给定一组在（X，Y，Z）坐标中定义的点，在任意（X，Y）处插值Z值

Question

Given a set of points in (X, Y, Z) coordinates that are points on a surface, I would like to be able to interpolate Z-values at arbitrary (X, Y) coordinates. I've found some success using mlab.griddata for interpolating values on a grid, but I want to be able to call a general use function for any (X, Y) coordinate.
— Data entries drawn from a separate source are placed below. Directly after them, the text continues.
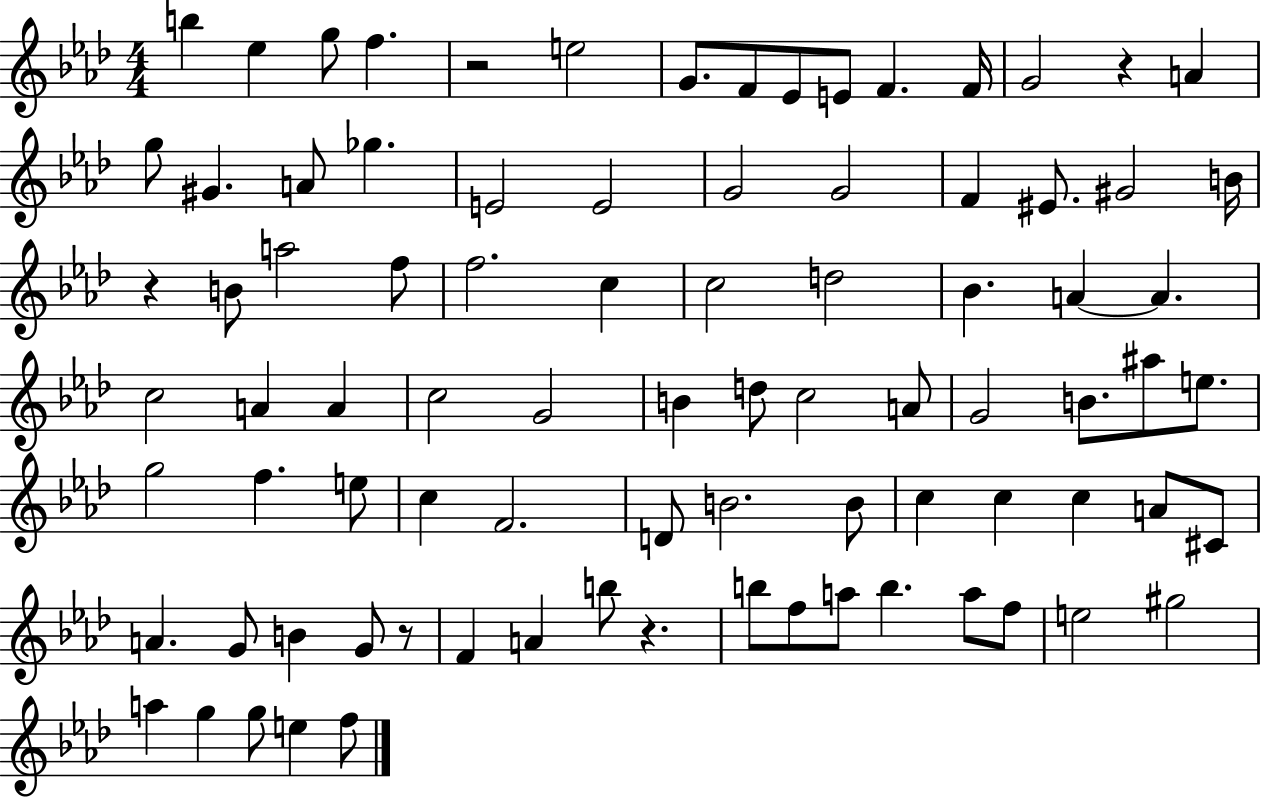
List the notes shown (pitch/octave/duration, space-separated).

B5/q Eb5/q G5/e F5/q. R/h E5/h G4/e. F4/e Eb4/e E4/e F4/q. F4/s G4/h R/q A4/q G5/e G#4/q. A4/e Gb5/q. E4/h E4/h G4/h G4/h F4/q EIS4/e. G#4/h B4/s R/q B4/e A5/h F5/e F5/h. C5/q C5/h D5/h Bb4/q. A4/q A4/q. C5/h A4/q A4/q C5/h G4/h B4/q D5/e C5/h A4/e G4/h B4/e. A#5/e E5/e. G5/h F5/q. E5/e C5/q F4/h. D4/e B4/h. B4/e C5/q C5/q C5/q A4/e C#4/e A4/q. G4/e B4/q G4/e R/e F4/q A4/q B5/e R/q. B5/e F5/e A5/e B5/q. A5/e F5/e E5/h G#5/h A5/q G5/q G5/e E5/q F5/e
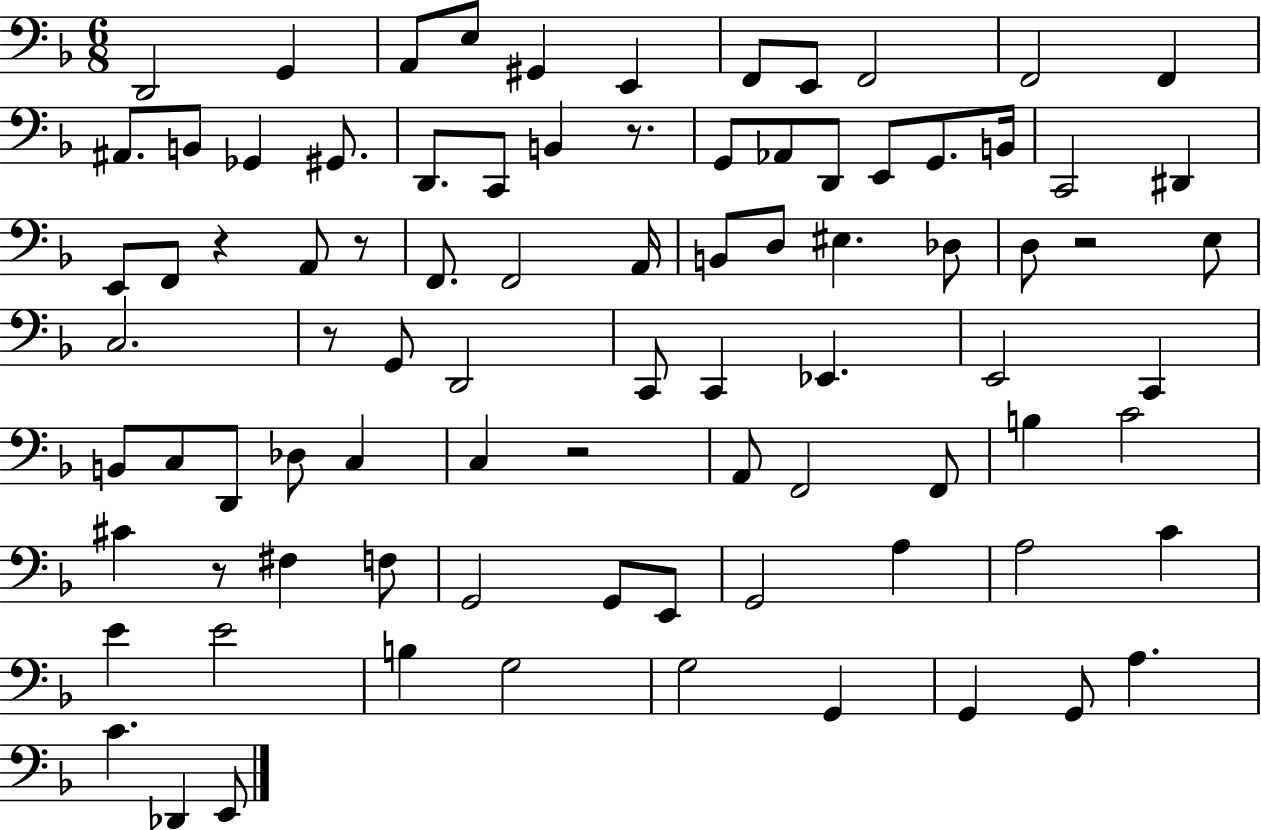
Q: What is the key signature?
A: F major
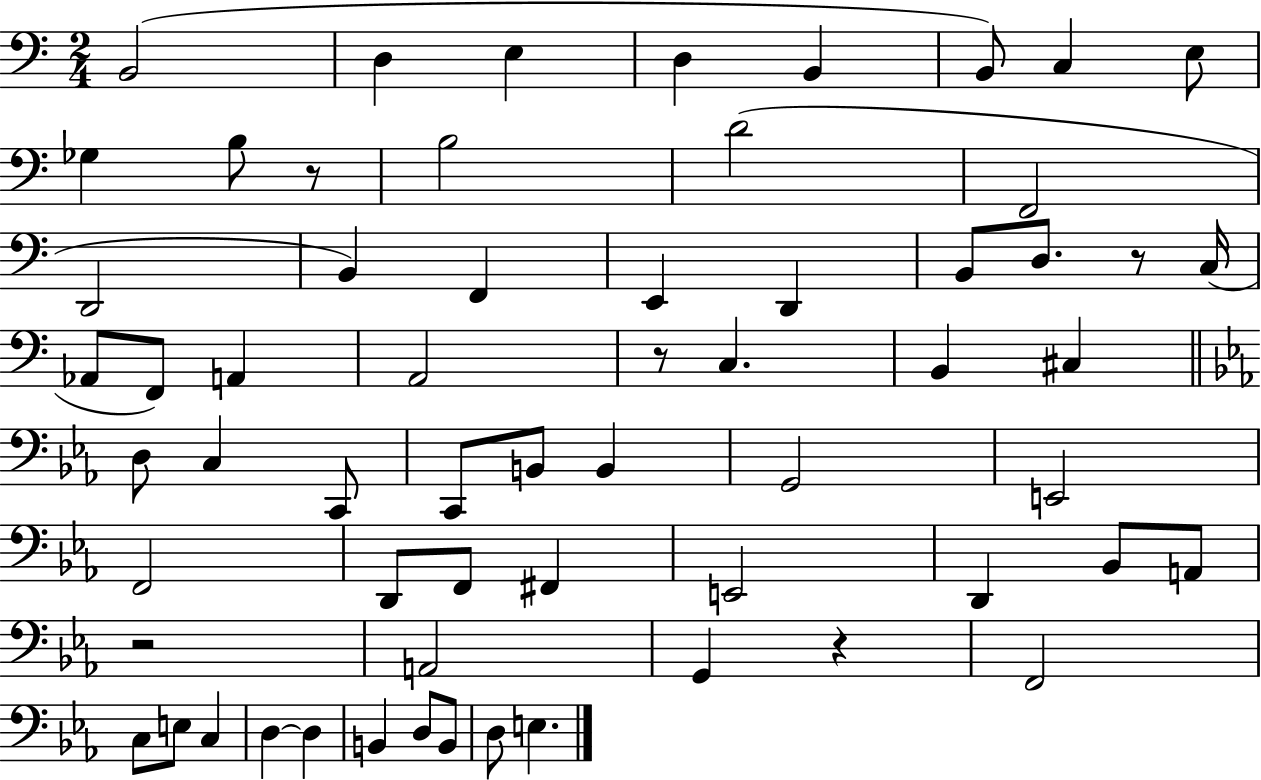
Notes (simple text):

B2/h D3/q E3/q D3/q B2/q B2/e C3/q E3/e Gb3/q B3/e R/e B3/h D4/h F2/h D2/h B2/q F2/q E2/q D2/q B2/e D3/e. R/e C3/s Ab2/e F2/e A2/q A2/h R/e C3/q. B2/q C#3/q D3/e C3/q C2/e C2/e B2/e B2/q G2/h E2/h F2/h D2/e F2/e F#2/q E2/h D2/q Bb2/e A2/e R/h A2/h G2/q R/q F2/h C3/e E3/e C3/q D3/q D3/q B2/q D3/e B2/e D3/e E3/q.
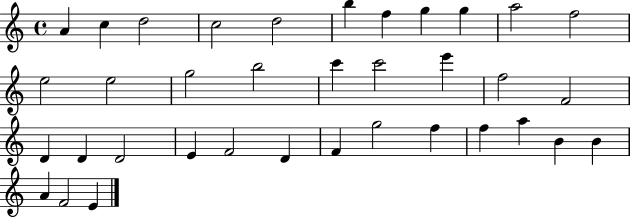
A4/q C5/q D5/h C5/h D5/h B5/q F5/q G5/q G5/q A5/h F5/h E5/h E5/h G5/h B5/h C6/q C6/h E6/q F5/h F4/h D4/q D4/q D4/h E4/q F4/h D4/q F4/q G5/h F5/q F5/q A5/q B4/q B4/q A4/q F4/h E4/q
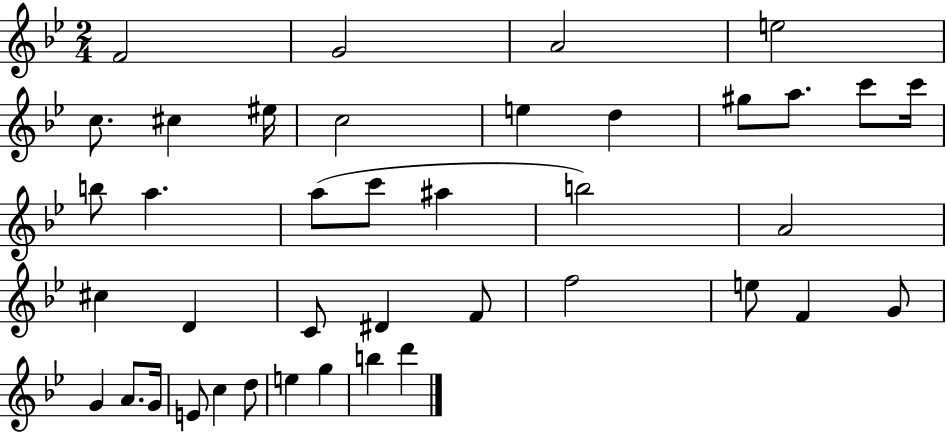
{
  \clef treble
  \numericTimeSignature
  \time 2/4
  \key bes \major
  f'2 | g'2 | a'2 | e''2 | \break c''8. cis''4 eis''16 | c''2 | e''4 d''4 | gis''8 a''8. c'''8 c'''16 | \break b''8 a''4. | a''8( c'''8 ais''4 | b''2) | a'2 | \break cis''4 d'4 | c'8 dis'4 f'8 | f''2 | e''8 f'4 g'8 | \break g'4 a'8. g'16 | e'8 c''4 d''8 | e''4 g''4 | b''4 d'''4 | \break \bar "|."
}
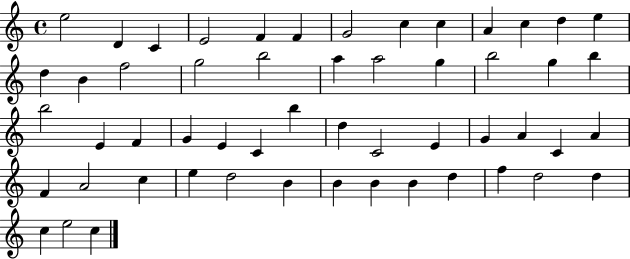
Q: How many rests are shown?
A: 0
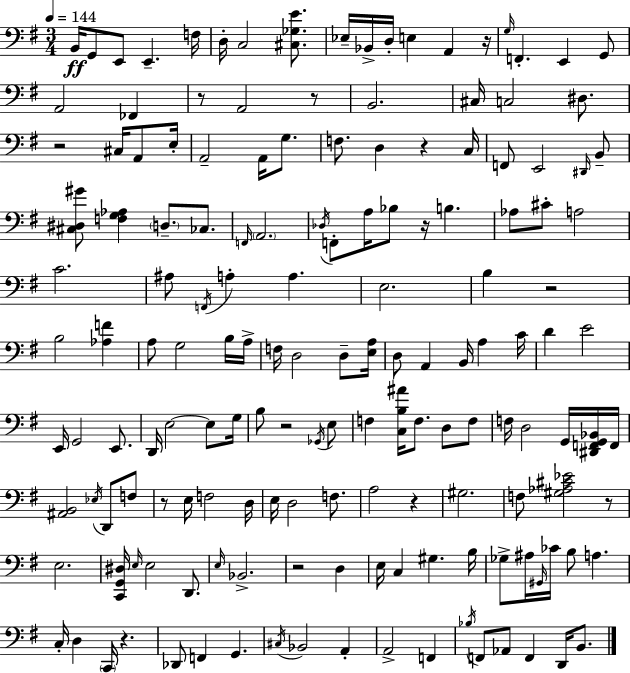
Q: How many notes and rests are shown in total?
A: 157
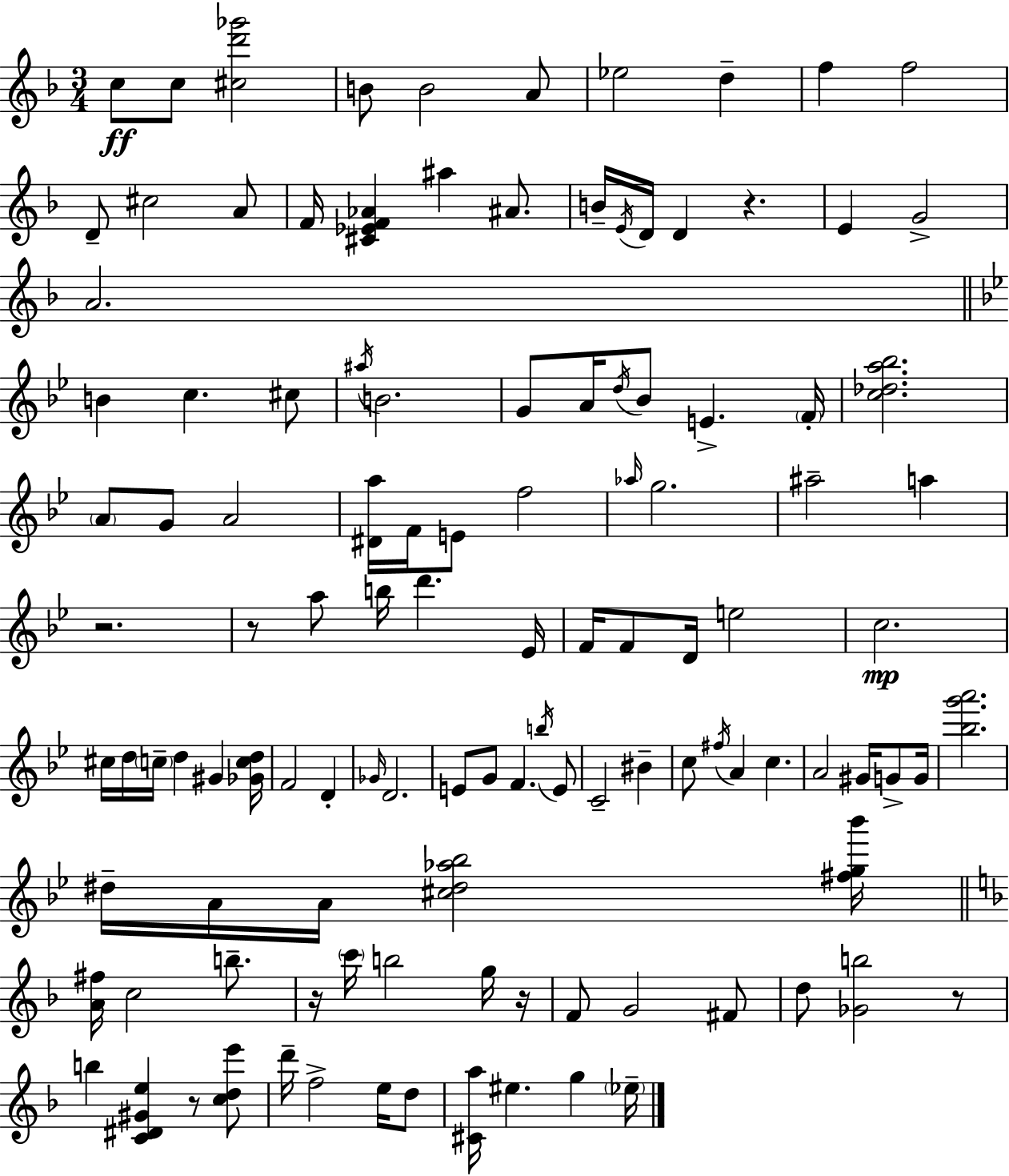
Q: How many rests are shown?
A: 7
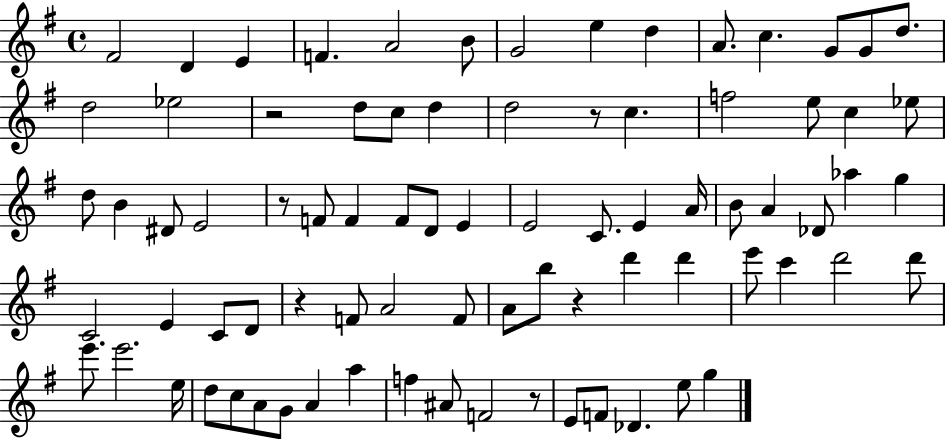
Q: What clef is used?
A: treble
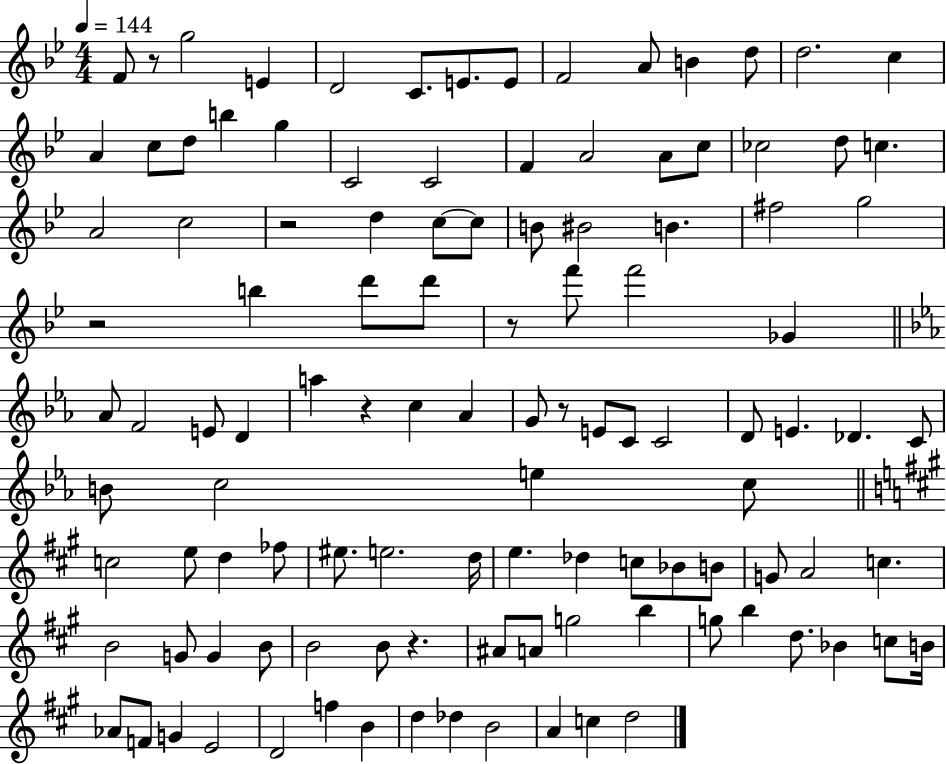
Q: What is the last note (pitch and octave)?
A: D5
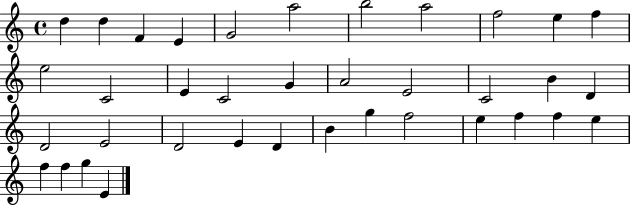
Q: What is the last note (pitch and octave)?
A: E4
The set of points form a roughly hemispherical surface. To simplify the problem, I am trying to write a method that interpolates values between known points of the hemisphere defined by the x, y, and z coordinates below. Although there is an analytical solution to find z = f(x, y) for a perfect sphere, such that you don't have to interpolate, the actual set of points will not be a perfect sphere, so we should assume that we need to interpolate values at unknown (X, Y) coordinates. Link to IPython notebook with point data

resolution = 10
u = np.linspace(-np.pi / 2, np.pi / 2, resolution)
v = np.linspace(0, np.pi, resolution)

U, V = np.meshgrid(u, v)

xs = np.sin(U) * np.cos(V) 
ys = np.sin(U) * np.sin(V)
zs = np.cos(U)

I have been using scipy.interpolate.interp2d , which "returns a function whose call method uses spline interpolation to find the value of new points."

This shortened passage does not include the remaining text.